The following letter, originally published Aug. 29 in the The San Francisco Chronicle, is Seth Rosenfeld’s response to a commentary by Diane Fujino (“Where’s the Evidence Aoki Was FBI Informant?”) that was published in The Chronicle on Aug. 23 and The Rafu Shimpo on Aug. 25. Rosenfeld is the author of “Subversives: The FBI’s War on Student Radicals, and Reagan’s Rise to Power”; Fujino is the author of “Samurai Among Panthers: Richard Aoki on Race, Resistance and a Paradoxical Life.”


Professor Diane Fujino’s Aug. 23 Open Forum contains many serious misstatements about my revelations that the late activist Richard Aoki was an FBI informant, and personal attacks on me. My disclosure was made in a Chronicle report and in a video produced with the Center for Investigative Reporting. Both were based on my new book, “Subversives: The FBI’s War on Student Radicals, and Reagan’s Rise to Power.”

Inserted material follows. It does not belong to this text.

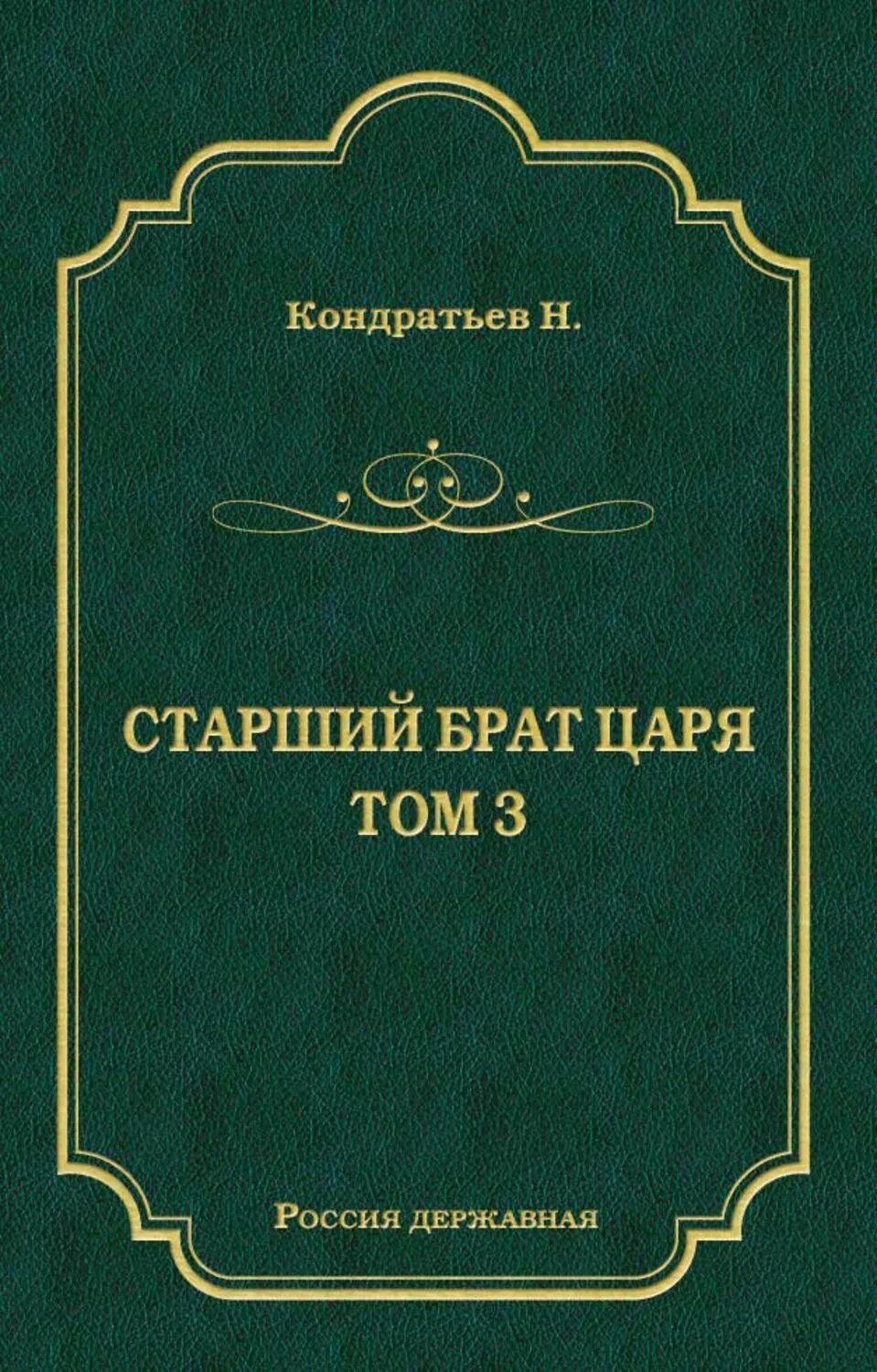 Книга князь сибирский. Записки княгини Дашковой.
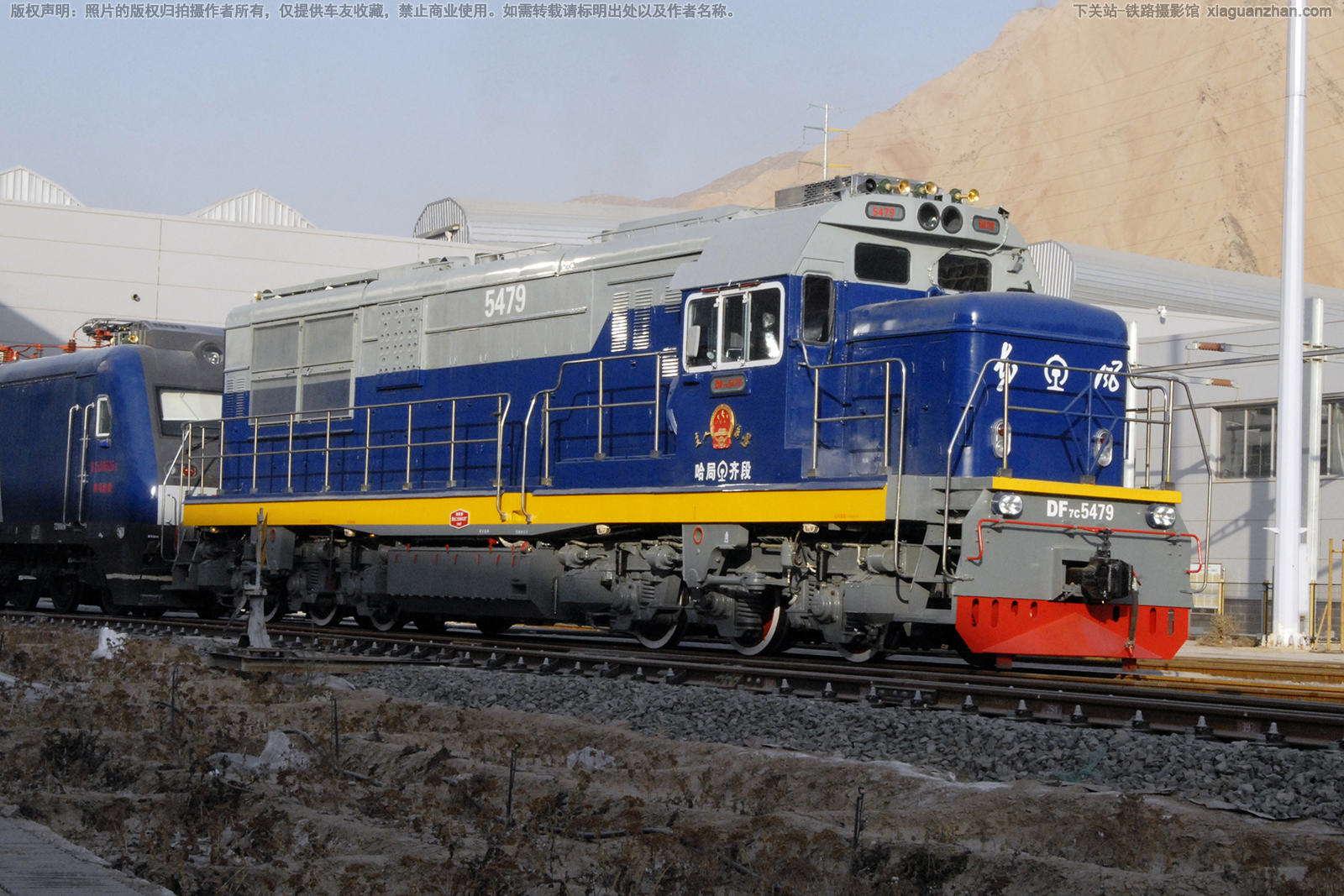 东风7C-5479 DF7C-5479 哈局齐段 主人翁号 东风7C-5479 DF7C-5479 哈局齐段 主人翁号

Reporting on intelligence activities is notoriously difficult and often relies on off-the-record sources. I used only on-the-record sources such as: a detailed interview with the retired FBI agent who was Aoki’s handler, interviews with Aoki, FBI records concerning Aoki obtained under the Freedom of Information Act, consultation with another former FBI agent to interpret the records and research in other records on Aoki and other informants.

Fujino claims that “the entirety of Rosenfeld’s evidence relies on FBI sources” and asks if we are simply to trust authority figures. She surely knows that former FBI agent M. Wesley Swearingen, who concluded in a sworn declaration that Aoki had been an informant, helped vacate the murder conviction of Black Panther Geronimo Pratt on the grounds that the FBI and Los Angeles police failed to reveal that a key witness was an FBI informant.

Fujino complains I unduly “magnify” Aoki. I devoted some 10 pages to him in a 734-page book. My book examines FBI activities concerning the University of California during the Cold War and is based on decades of research, including more than 300,000 pages of FBI records released as a result of five successful lawsuits under the FOIA. As a result of my research, seven federal judges ordered the FBI information released. One judge ruled, “Plaintiff has persuasively demonstrated in his affidavit that his research requires meticulous examination of records that may not on their face indicate much to an untrained observer.”

Fujino has acknowledged she had obtained the same “T-2” FBI document about Aoki as I had but consulted no experts. She asks, “How did (Aoki) help the FBI disrupt political movements?” I never said he did. Likewise, Fujino suggests I am putting a “snitch jacket” on Aoki — framing him as an informant — yet she offers no evidence for this false charge.

Fujino presents herself as an objective scholar, but she is a competing author with a vested interest. She has done a disservice to the pursuit of truth.